2. Run bse_cache.py to produce cache files.
Prerequisites:
- bert-as-service installed.
- BERT-Base, Multilingual Cased model saved in the 'bert_dir' directory.
- The English MNLI training examples file in the 'data_dir' directory, as "multinli.train.en.tsv".
python bse_cache.py \
--data_dir=xnli_data \
--language=English \
--data_type=mnli \
--output_dir=bse_cache_files \
--bert_dir=../pretrained_models/multi_cased_L-12_H-768_A-12
The English MNLI training examples cache file used in our study can be downloaded here: bse_en.npy
Prerequisites:
- bert-as-service installed.
- BERT-Base, Multilingual Cased model saved in the 'bert_dir' directory.

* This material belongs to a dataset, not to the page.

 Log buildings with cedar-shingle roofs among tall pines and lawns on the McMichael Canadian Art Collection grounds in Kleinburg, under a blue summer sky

- The XNLI dev examples file in the 'data_dir' directory, as "xnli.dev.tsv".
python bse_cache.py \
--data_dir=xnli_data \
--data_type=dev \
--output_dir=bse_cache_files \
--bert_dir=../pretrained_models/multi_cased_L-12_H-768_A-12
The XNLI dev examples cache file used in our study can be downloaded here: DEV.npy
Prerequisites:
- bert-as-service installed.
- BERT-Base, Multilingual Cased model saved in the 'bert_dir' directory.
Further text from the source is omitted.